Belles promesses, qui ne furent pas toutes tenues. Non que nous suspections la bonne foi du Schumann ou l’indépendance de ses jugemens. D’ailleurs, il a souvent bien jugé. Il a rappelé des oubliés et signalé des inconnus. Le vieux Bach restait son dieu, mais il félicitait le jeune Mendelssohn de jeter quelque charme sur l’oratorio, que Bach avait fait trop austère. Il avait également pour Chopin une sympathie qui peut sembler moins naturelle, mais qu’il exprima chaleureusement quand fut publiée la fantaisie sur Don Juan, l’une des premières œuvres du maître alors presque ignoré.

Malgré tout, Il est peu de compositeurs qui, dans la critique, un jour ou l’autre ne finissent par s’égarer. Schumann méconnut l’immortelle beauté des Huguenots[1]. De même Mendelssohn parlait plus que légèrement de Robert le Diable, et Weber avait pour Beethoven des sévérités qui nous scandalisent. Bien d’autres exemples (Wagner serait des plus nouveaux et des plus concluans), prouveraient encore l’incompatibilité presque absolue des facultés de production et de critique chez les artistes. Mais ne les plaignons pas, leur pan est la meilleure, car le génie qui crée est plus grand que l’esprit qui juge.
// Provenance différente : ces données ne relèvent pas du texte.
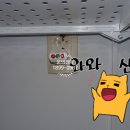 대영전기조명 이미지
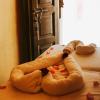 riad nolita and spa kasbah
Schumann avait vingt-six ans lorsqu’il sentit naître un amour qui fut son unique amour, un amour auquel on s’opposa d’abord comme à son génie, il s’éprit de Clara Wieck, la fille de son maître. Mais il était pauvre. Et puis Wieck redoutait, plus encore que la pauvreté, le mal qui menaçait l’esprit toujours plus troublé du jeune homme. On a dit que, vers 1831 ou 1832, forcé par les bienséances de quitter la maison où Wieck l’avait reçu d’abord, mais où grandissait la jeune Clara, Robert prit des habitudes funestes. Dans les brasseries de Leipzig, il aurait passé de trop longues soirées à fumer et à boire. Que demandait-il à cette double ivresse ? Fuyait-il un rêve trop doux on des hallucinations trop pressantes ? Hélas ! si Schumann s’enivra jamais, ce fut sans doute comme Alfred de

  1. Voir, Gesammelte Schriften uber Musik und Musiker, von Robert Schumann. Lepzig ; George Wigrand’s Verlag, 1854, t. II, p. 220 et suiv.